Sudden Power is apt to be insolent, Sudden Liberty saucy; that behaves best which has grown gradually.

He that best understands the World, least likes it.

July. VII Month.

Anger is never without a Reason, but seldom with a good One.

He that is of Opinion Money will do every Thing, may well be suspected of doing every Thing for Money.

An ill Wound, but not an ill Name, may be healed.

August. VIII Month.

When out of Favour, none know thee; when in, thou dost not know thyself.

A lean Award is better than a fat Judgment.
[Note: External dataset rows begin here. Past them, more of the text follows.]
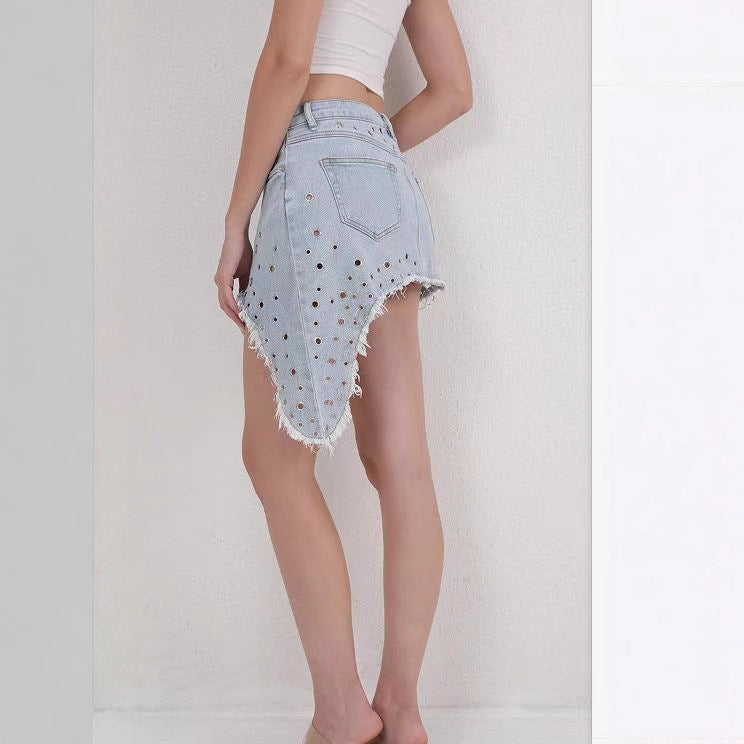 Street-Style Asymmetrical Denim Skirt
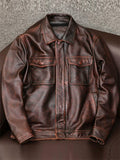Men's Vintage Faux Leather Zip Up Fleece Lined Lapel Jackets
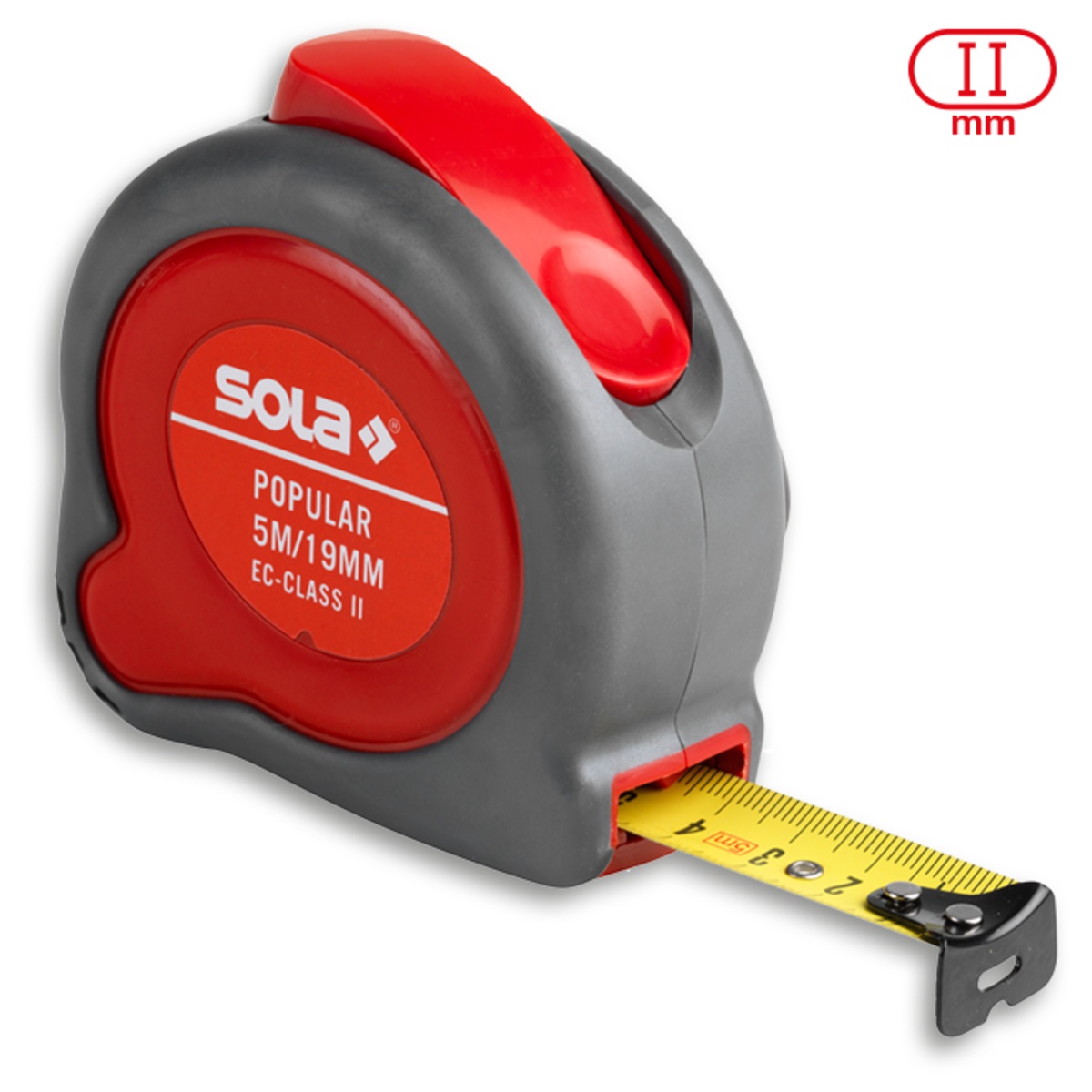 Sola Rollbandmaß POPULAR PP 8, 8 m x 25 mm, EG-Genauigkeitsklasse II, Stahlband gelb
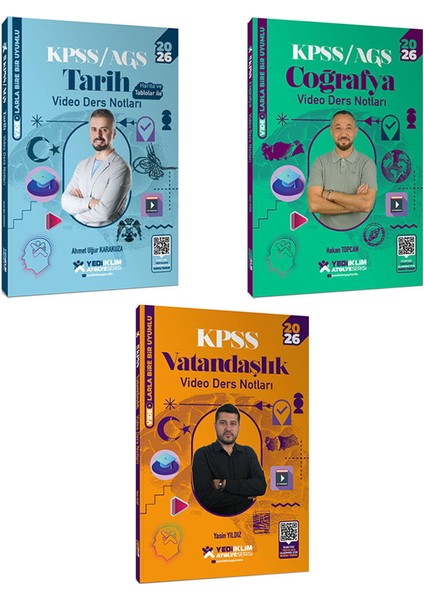 Yediiklim 2026 Kpss Atölye G. Kültür Tarih Coğrafya Vatandaşlık Video Ders 3lü Set Paragraf Hediyeli
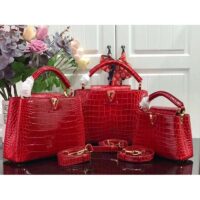 Louis Vuitton LV Women Capucines BB Handbag Red Crocodilien Brillant Savoir Faire (5)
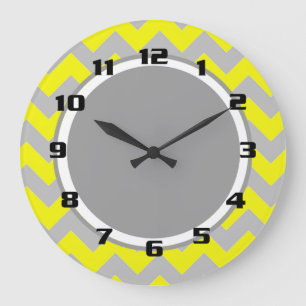 Grande Horloge Ronde Sunny Yellow et Grey Chevron Motif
God, Parents, and Instructors, can never be requited.

September. IX Month.

He that builds before he counts the Cost, acts foolishly; and he that counts before he builds, finds he did not count wisely.

Patience in Market, is worth Pounds in a Year.

Danger is Sauce for Prayers.

October. X Month.

If you have no Honey in your Pot, have some in your Mouth.

A Pair of good Ears will drain dry an hundred Tongues.

November. XI Month.

Serving God is Doing Good to Man, but Praying is thought an easier Service, and therefore more generally chosen.

Nothing humbler than Ambition, when it is about to climb.

December. XII Month.

The discontented Man finds no easy Chair.

Virtue and a Trade, are a Child’s best Portion.

Gifts much expected, are paid, not given.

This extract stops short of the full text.